The results of the frontend are already fairly usable, however to generate better output the recompiler needs to do a bit of analysis on the source instructions. What comes out of the frontend is a literal interpretation of the source and as such is missing a lot of the extra information that the backend can potentially use to optimize the output. There are hundreds of different things that can be done at this stage as required, but for recompilers there are a few important ones:
Data Flow Analysis
Since PPC is a RISC architecture there is often a large number of instructions that work on intermediate registers just for the sake of accomplishing one logical instruction. For example, look at this bit of disassembly (what would come out of the frontend):
.text:8210E77C lwz %r11, 0x54(%r31)
.text:8210E780 lwz %r9, 0x90+var_40(%sp)
.text:8210E784 lwz %r10, 0x50(%r31)
.text:8210E788 mullw %r11, %r11, %r9
.text:8210E78C add %r11, %r11, %r10
.text:8210E790 lwz %r10, 0x90+var_3C(%sp)

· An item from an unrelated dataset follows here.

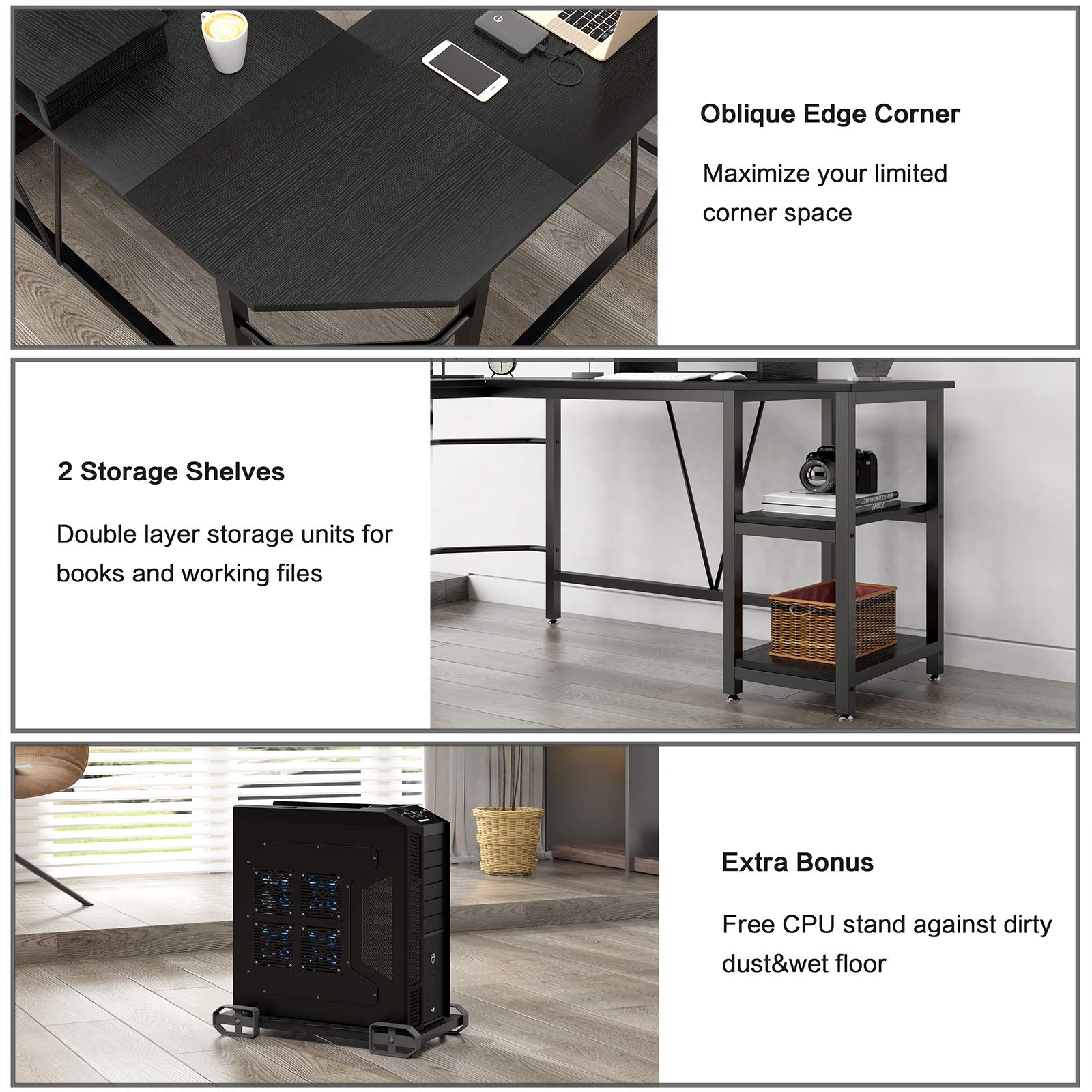 TREETALK Computer desk, Lshaped Corner Desk with 2Layer Storage,Large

.text:8210E794 add %r11, %r11, %r10
.text:8210E798 stw %r11, 0(%r29)
A simple decompilation of this is:
var x = (r31)[0x54];
var y = (sp)[0x90+var_40];
var z = (r31)[0x50];
x *= y;
x += z;
z = (sp)[0x90+var_3C];
x += z;
(r29) = x;
If you used this as output in your recompiler, however, you would end up with many more instructions being executed than required. A simple data flow analysis would enable result propagation (x = x * y + z, etc) and SSA (knowing that the second lwz into %r10 is a different use of z). Performing this step would allow an output that is much more simple and easier for down-stream optimization passes to deal with:
(r29) = ((r31)[0x54] * (sp)[0x90+var_40]) + (r31)[0x50] + (sp)[0x90+var_3C];
Control Flow Analysis
With a constructed Control Flow Graph it’s possible to start trying to identify what the original flow control constructs were. It’s not required to do this in a recompiler, as the output of the compiler will still be correct if passed through directly to the backend, however the more information that can be provided to the backend the better. Compilers will often change for- and while-loops into post-tested loops (do-while) or specific processor forms, such as the case of PPC which has a special branch counter instruction. By inspecting the structure of the graph it’s possible to figure out what are loops vs. conditional branches, and just where the loops are and what basic blocks are included inside the body of the loop. By encoding this information in the IR the backend can do better local variable allocation by knowing what variables are accessible from which pieces of code, better code layout by knowing which side of the branch/loop is likely to be executed the most, etc.
CFA is also required for correct DFA – you could imagine scenarios where registers or locals are set before a jump and changed in the flow. You would not be able to perform the data propagation or collapsing without knowing for certain what the potential values of the register/local could be at any point in time.
Backend (IR -> MC)
I’ll be doing an entire post (or more) about what I’m planning on doing here for this project, but for completeness here’s an overview:
Backends can vary in both type and complexity. The simplest backend is an interpreter, executing the instruction stream produced by the frontend one instruction at a time (and ignoring most of the metadata attached). JITs can use the information to produce either simple basic block-based code chunks or entire method chunks. Or, as I’m aiming for, a compiler/linker can be used to do a whole bunch more.
Right now I’m targeting LLVM IR (plus some custom code) for the backend. This enables me to run the entire LLVM optimization pass over the IR to produce some of the best possible output, use the LLVM interpreter or JIT to get runtime translation, or the offline LLVM tools to generate executables that can be run on the host machine. The complex part of this process is getting the IR used in the rest of this process into LLVM IR, which is at a much higher level than machine instructions. Luckily others have already used LLVM for purposes like this, so at least it’s possible!